Section: New Results
Scheduling over Heterogeneous Multicore Architectures
Participants : Cédric Augonnet, Raymond Namyst, Samuel Thibault.
In almost every computer nowadays lies a Graphical Processing Unit (GPU) and in that GPU lies a nominal computing power that makes the power of even the most recent multicore central processing units looks anemic in comparison. Innovative processing architectures such as the Cell Broadband Engine from IBM found in the Sony's Playstation 3 also come full of promises. Thus, it did not take long in these days of ever growing computing needs for people to explore these new lands.
The power of these new heterogeneous computing architectures does not come for free, however. Cell's multiple synergistic processing units (SPUs) are equipped with a very small amount of memory. GPUs put drastic constraints on the data access pattern and require highly regular computations to actually deliver their full power. While scheduling over those architectures, the problem of mapping tasks onto available units is not the only one anymore. One also has to provide constructs and mechanisms to tailor those tasks to the characteristics of a given processing unit — refinement/filtering mechanisms — as well as to make sure that such tasks have the suitable data at hand when needed — memory/caching management and consistency mechanisms.

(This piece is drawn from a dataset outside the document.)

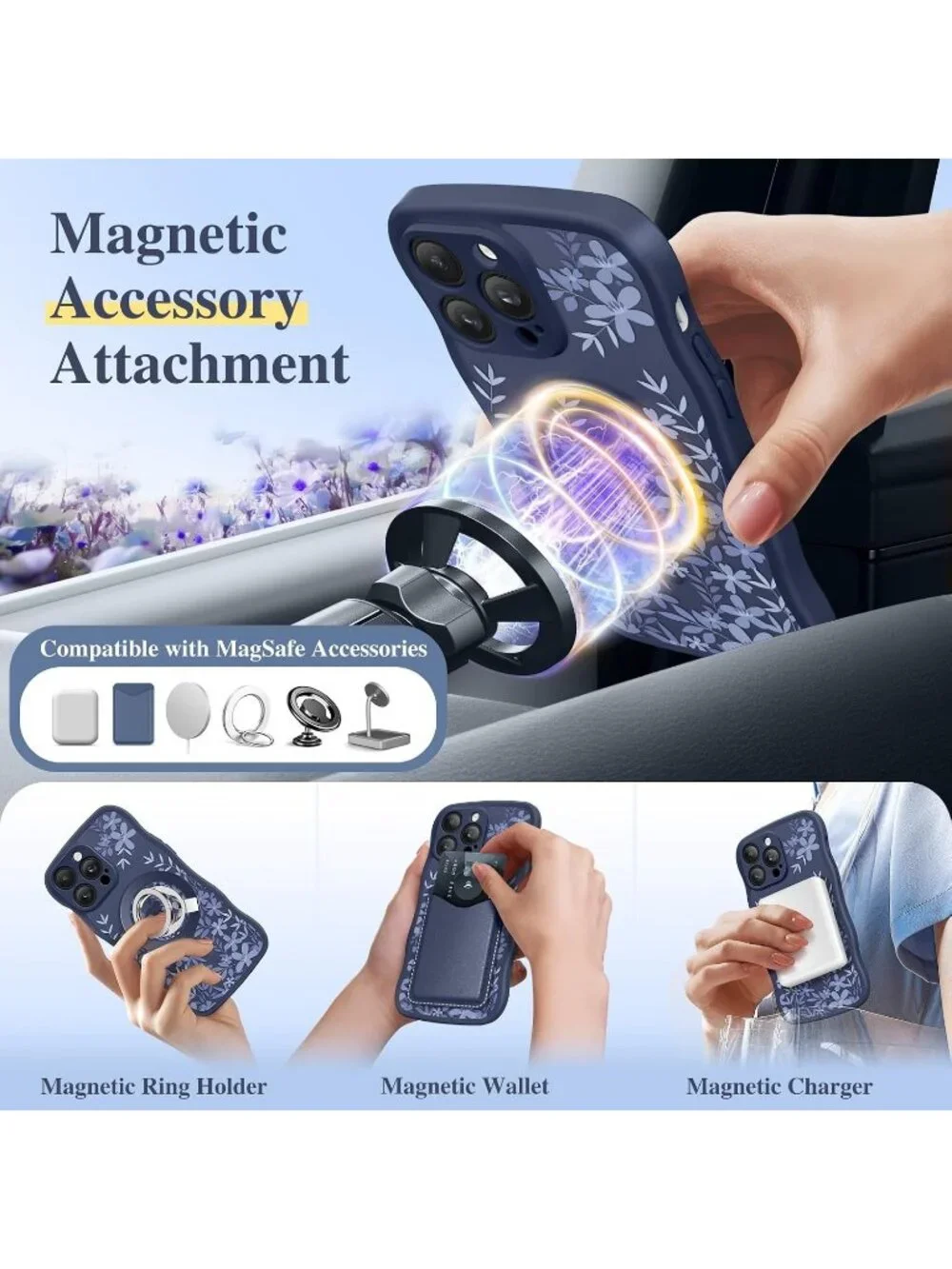 iPhone 14 Pro Botanic Arc/Blue Compatible with MagSafe Floral Translucent Case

We thus designed a unified scheduling engine that makes it possible to easily implement task scheduling policies on top of heterogeneous multicore architectures. Combined with the use of performance models, which can be obtained through auto-tuning mechanisms [21] , [17] , [16] , we have shown that substantial performance improvements result from the use of such scheduling policies. Not only does StarPU allow to make use of all computing resources at the same time (regular CPUs as well as a mixture of heterogeneous GPUs), but its scheduling engine even enables to benefit from the actual heterogeneity of the machines [23] , [41] .

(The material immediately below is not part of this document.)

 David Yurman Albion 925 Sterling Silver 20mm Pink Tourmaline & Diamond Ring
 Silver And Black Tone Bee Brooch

The memory management library of the StarPU runtime system (described in Section 5.10 ) has been designed in order to leverage the inner complexity of accelerator programming by automating data coherency management, and can even prefetch data ahead of the actual computation to increase yet more the efficiency of the computation. Our approach thus makes it possible to efficiently handle arbitrarily large datasets instead of being limited by the size of accelerators' embedded memory. Therefore, we used StarPU to implement dense linear algebra parallel kernels that run simultaneously on multicore processors and GPGPUs. We also demonstrated the flexibility of our approach by adding support for the Cell/BE processor with very little efforts [22] . We showed that in addition to a unified execution model, it is important to exhibit an expressive interface to let the programmer (or the upper library) express his/her knowledge at the algorithmic level in order to give hint to the runtime system.